Donald Trump ha messo la retromarcia. Ma come al solito, lo fa col clacson spianato e il paraurti carico di missili. Dopo aver minacciato dazi come fossero fuochi d’artificio del 4 luglio, ora concede una “pausa di riflessione” di 90 giorni. Ma solo a chi si inginocchia sul tappeto rosso della trattativa. Un’orgia di ambiguità diplomatica, con 75 Paesi (forse) graziati. Tranne la Cina, che Trump tratta ormai come un vicino di casa molesto: dazi al 125%, effetto immediato, e che Dio benedica il protezionismo.
Sui social, il Tycoon predica la pace mentre carica la pistola. “Non ci deruberete più”, scrive su *Truth*, il suo personale campanile digitale da cui lancia anatemi tra un golf e l’altro.

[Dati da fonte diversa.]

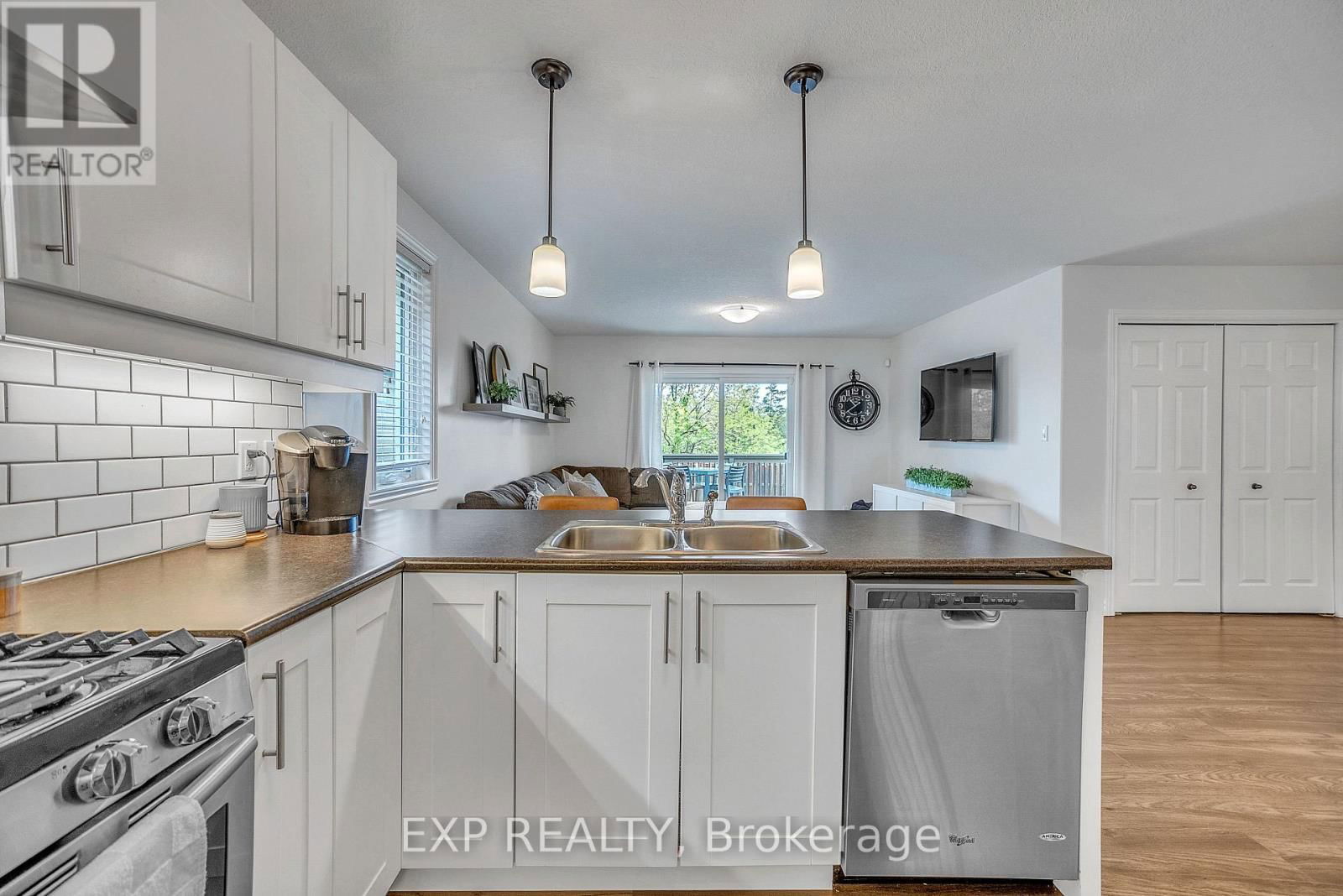 153 GREENHILL LANE Image 10
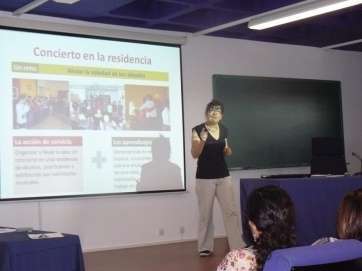 La experta Roser Battle habla en Telde sobre los beneficios del sistema aprendizaje-servicio en la Educación (Foto TA)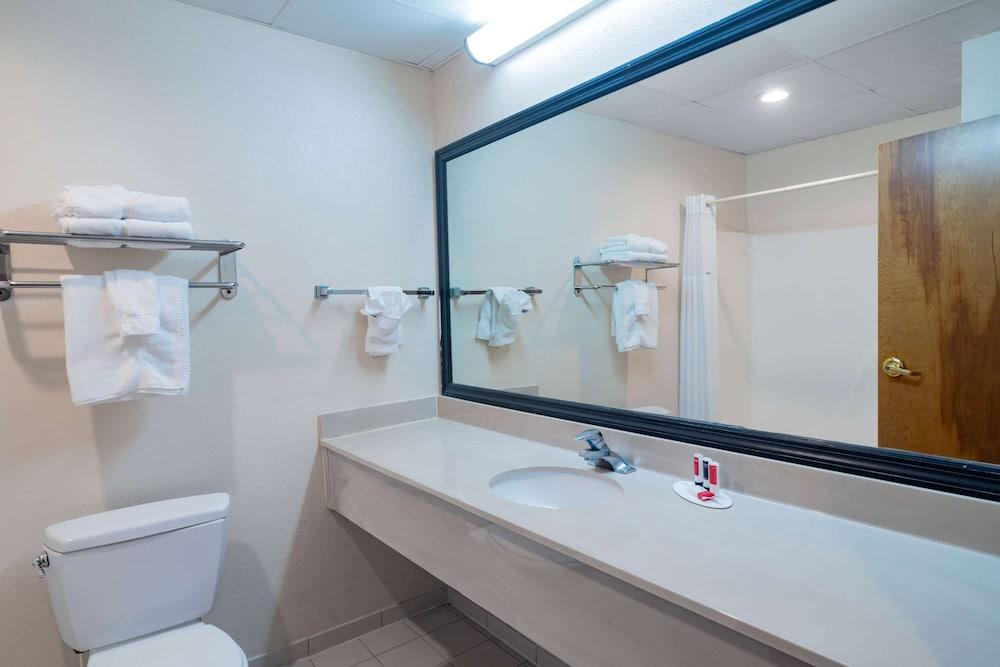 Red Roof Inn & Suites Hinesville photo 15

L’Europa? Tentenna, approva controdazi, ma intanto si siede al tavolo. Perché con Trump è così: o balli, o ti ritrovi a vendere il parmigiano con l’Iva a stelle e strisce.
Wall Street esulta. Ma forse ride perché ha capito il trucco: Trump prima crea il problema, poi annuncia la soluzione. E si prende l’applauso. Teatro dell’assurdo. Biglietto d’ingresso? Gratis. Ma il conto, come sempre, lo pagano i consumatori.